Ultimately everything boils down to a contest of wits and balls between Hart and Pike. No sooner than Hart thinks that he has rescued all the women than his plans to awry. He finds himself in a neck and neck fight for life with Poke, and Abilene finds herself back in Pike's hands.

Although the pared-down to absolute essentials plot is basically worth only two stars, the captivating 3-D is worth four stars. Nothing gets in the way of the action, least of all any involved dialogue. Anybody that loves Spaghetti westerns, Tony Anthony movies, and 3-D actioneer will crave this oater.
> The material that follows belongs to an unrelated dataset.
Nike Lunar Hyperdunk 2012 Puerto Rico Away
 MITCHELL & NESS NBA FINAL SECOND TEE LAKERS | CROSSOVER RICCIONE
Reviewed by videorama-759-8593916 / 10

This film won't be comin'at ya

Coming to view this, you can't help but think this was Tarantino's inspiration for KILL BILL, or more like, KILL BILL 2. We can only wish, we were watching that movie instead of this. From the cool, great action filled cover, it's 3D version, which would be more wort, it's watch, Comin' At Ya, comes up short. If I had seen, it, in the 80's, I would of had a different opinion of it, and I wish I had. What was frightening and disappointing, was this, was typically what I expected from this, and I got it.A 6 out of 10 movie. Poster cover 10/10 though. There are some cool moments, the highlight being the smart credit opening scene, and the implied 3D moments, but I terribly got what I expected from this. If you brush that aside, and accept it for the originality and photography color/black and white, repeat, it is a nice little Saturday arvo watch. Gene Quintano, makes a great likeable hero, and our fat busty villain, makes a great memorable villain, while Victoria April, is just great as always, throwing some nice sexiness into her role. There are some Sin City moments, as in it's photography, and those bullets ripping through flesh, blood spouting moments, are memorably impactful, but this film just come up short, on a many stops. I can't believe how real those bats looked, especially when you can faintly see the strings. Still a definite watch with great respectful performances. I would like to see more stuff with Quintano in it. We even have some familiar music to Kill Bill in this one.